There is therefore, a need to address the communication method and various strategies
used for health education and sensitization by the health workers. Adequate
knowledge and understanding of certain diseases among people is often hampered
by the absence of local name that corresponds adequately with the disease.
There was no significant difference in level of awareness of AFP across the various education levels unlike the case in several other health conditions. This is an indication of the general low level of health education in this community on AFP which was earlier reported by Olawoye et al. (2000). With the importance of AFP surveillance as a strategy in polio eradication a lot more will need to be done to get people to be well aware of AFP. The meeting of expert review committee on Polio Eradication Initiave in Nigeria also highlighted the importance of raising community awareness on AFP to improve on the quality of AFP surveillance. Even when countries are certified free from Poliomyelitis, AFP surveillance will need to be in place for some time.
About one-fifth of respondents who are will take action if they see a case of AFP will seek intervention of traditional and spiritual healers. In African countries a lot of people still believe in supernatural causation of diseases attributing them to evil forces. Deformities are often associated with evil forces and this believes prevent people from taking appropriate responses for disease investigation and treatment. In a study in Niger by Ndaiye et al. (2003), 75% of nurses reported that cultural believes are a major constraint to AFP surveillance and is known Sto prevent or delay detection, reporting and investigation of AFP cases. Health education directed at this believes is important in developing countries.
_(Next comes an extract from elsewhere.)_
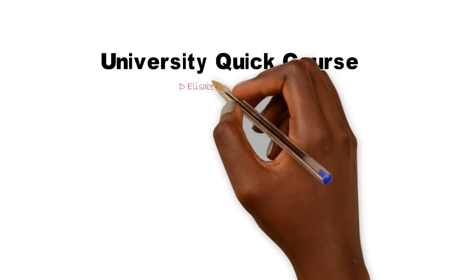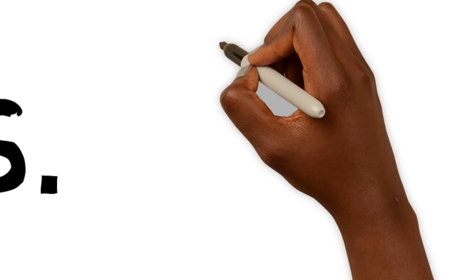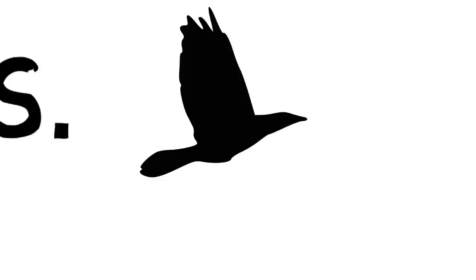This lecture is about the difference between structuralism and post-structuralism. I'm Elizabeth Glasgow and I'm your lecturer for this series.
This study have shown low level of awareness of AFP surveillance and poor knowledge of AFP case at the community level despite all strategies and ongoing activities directed towards polio eradication campaign in the last 10 years in Nigeria. Community based health education and sensitization need to be strengthened in addition to the current effort of house-to-house strategy to achieve high polio immunization coverage and community driven surveillance in the country.
We thank the Director PHC and the Epidemiologist of the state Ministry of Health for their administrative support during the study. We also, thank the staffs of the World Health Organization (Kwara state office) for providing information and literatures that are useful and relevant to the study.